Anthropoid Greetings again from the darkness. It’s been more than 70 years since the Second World War ended, and it’s still producing fascinating stories, books, and movies. Director Sean Ellis co-wrote the script with Anthony Frewin after tireless research into a secret mission of the Czech resistance known as Operation Anthropoid. The purpose was to assassinate SS General Reinhard Heydrich, third in command of The Reich behind only Hitler and Himmler.

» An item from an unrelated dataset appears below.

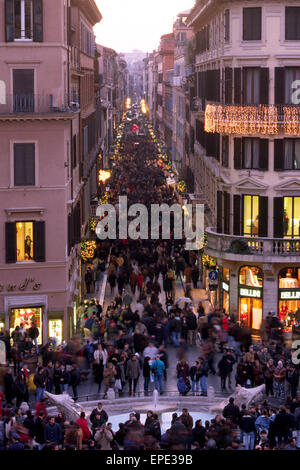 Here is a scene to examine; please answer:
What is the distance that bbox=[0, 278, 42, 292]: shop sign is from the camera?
1471 inches

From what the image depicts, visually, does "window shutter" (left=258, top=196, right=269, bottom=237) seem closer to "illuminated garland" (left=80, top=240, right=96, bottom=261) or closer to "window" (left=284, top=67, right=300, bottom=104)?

Hitler invaded Poland the year after taking Czechoslovakia and put Heydrich in charge. In addition to being the main architect behind the Final Solution, Heydrich became known as “The Butcher of Prague” as thousands of citizens were slain under his reign of terror.

The story is split into two distinct parts … the buildup and the aftermath. It’s late 1941 when we see Jan Kubis (Jamie Dornan) and Josef Gabcik (Cillian Murphy) parachute into the territory outside of Prague and make their way to the city only to discover their contact has been killed. Over the next few months, the two soldiers spend time planning, observing and blending in, while living with their host family – the Moravecs. They become attached to two local ladies (Charlotte Le Bon, Anna Geislorova), first as cover for the mission, and then in a more personal manner as tension builds and the mission gets closer.

Many of the original, historic and actual locations are used which adds an element of realism to a story that’s already plenty real and emotional. The second half of the story is what happens after the assassination. Seven of the original parachutists go into hiding in the basement of the Saints Cyril and Methodius Cathedral. The manhunt is brutal and extensive, and once the hideout is discovered, a seemingly unending parade of German soldiers and ever-increasing weaponry are unleashed. It’s a beautifully filmed, but gut-wrenching scene … think of the last stand at The Alamo.

An extended shootout (6 hours in real time) may not seem like a fun day at the movies, but this story goes to the bravery and desperation of those who refused to give in to the relentless savagery of the Germans. In addition to Ms. Le Bon and Ms. Geislorova, Czech screen vet Alena Mihulova is another standout here. The pacing of the story telling is a bit off at times, but director Ellis brings historical accuracy to a fascinating story in ways that movies such as Valkyrie and Inglourious Basterds didn’t even attempt. As courageous as those in the resistance were, the aftermath and reprisals do beg the question … was it worth the price? Not an easy question to answer even in hindsight.